Part 5 ended on a blunt note: data is the bottleneck. You can have the prettiest VLA architecture and the best 3D perception, but without enough quality data to learn from, the policy stays dumb. And for whole-body manipulation, collecting data is especially hard — because you need both fine hand motion and whole-body coordination.
This article compares the three main data-collection strategies (as of June 2026) and helps you pick the right one for your budget.
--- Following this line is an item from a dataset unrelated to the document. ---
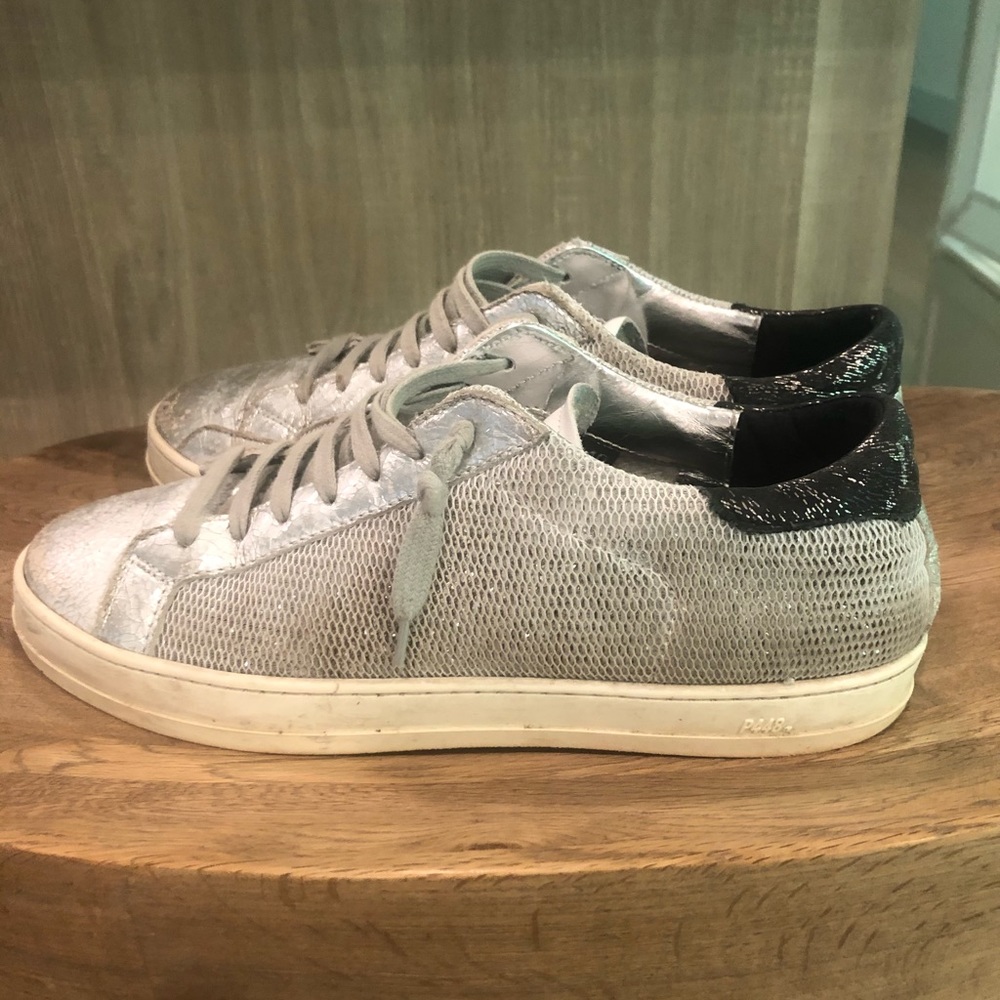 P448 sneakers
The three trade-off axes of any data strategy
Before each approach, grasp the three axes every strategy must balance:
- Action label accuracy. A behavior-cloning policy needs to know "in this state, the robot does what." The more accurate the action label — true to robot kinematics — the easier the policy learns.
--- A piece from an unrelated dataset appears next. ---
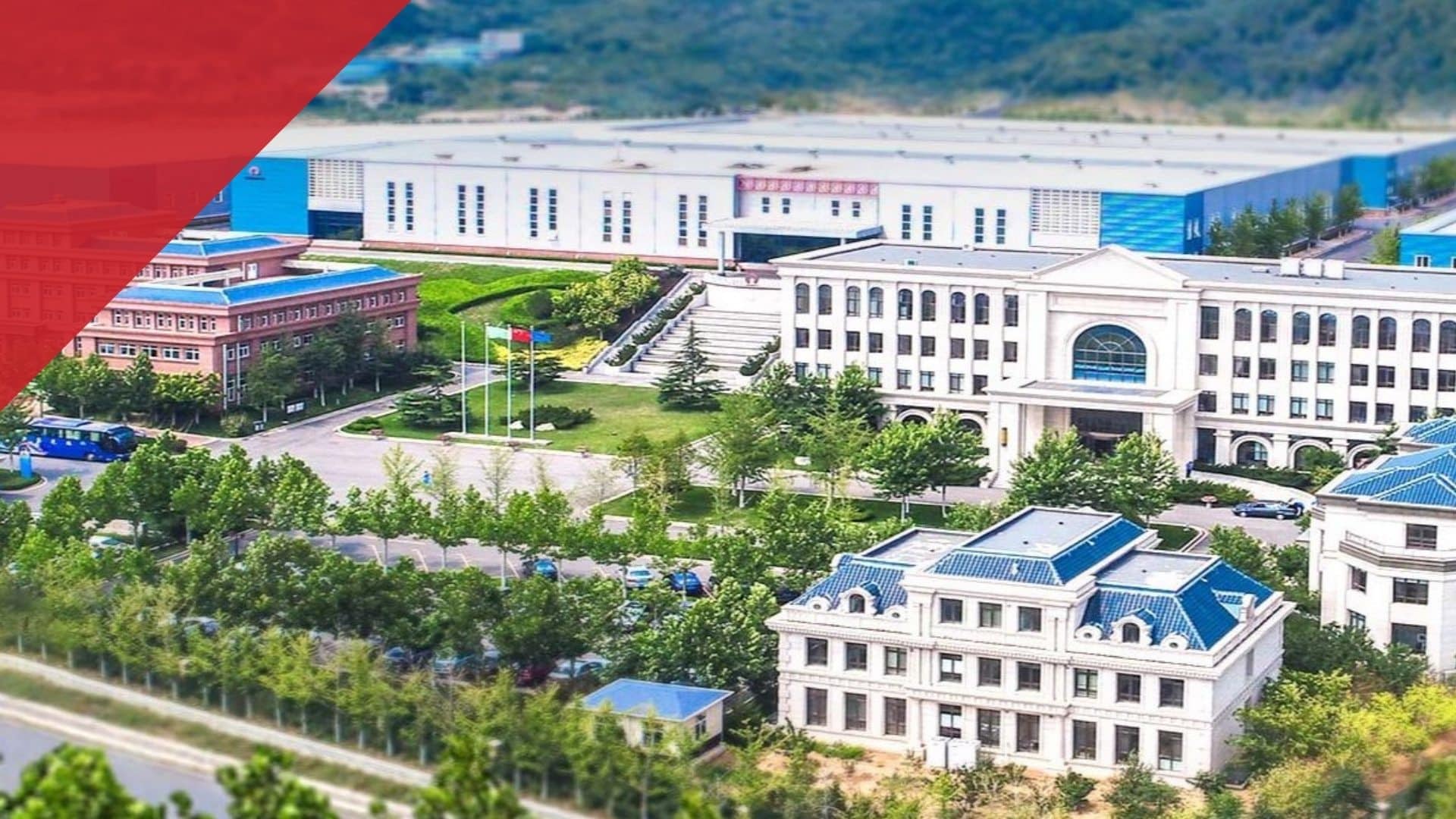 The results achieved by Dalian Ruiguang Nonwoven Group thanks to A.Celli IRIDIUM® flexographic printers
- Cost & throughput. How much money and time to collect 1,000 demos? Do you need a real robot? Do you need skilled operators?
- Domain gap. Does the collected data match the target robot (e.g. Unitree G1), or does it require a conversion step (retargeting) that loses information?
No strategy wins all three axes. That is why you must choose, not look for "the best one."
Strategy 1: Robot teleoperation (accurate, expensive)
An operator controls a real robot through a device — a VR controller (Meta Quest), an exoskeleton, or a master-slave rig. Each time the human acts, the robot mirrors it; we record observations + joint commands.
Pros:
- Absolutely accurate action labels. Since the robot itself executes, every joint command is a real number, true to robot kinematics — no embodiment domain gap.
- High-quality demos, usable directly for behavior cloning.
Cons:
- Needs a real robot (a G1 is ~tens of thousands of USD) for each collection station.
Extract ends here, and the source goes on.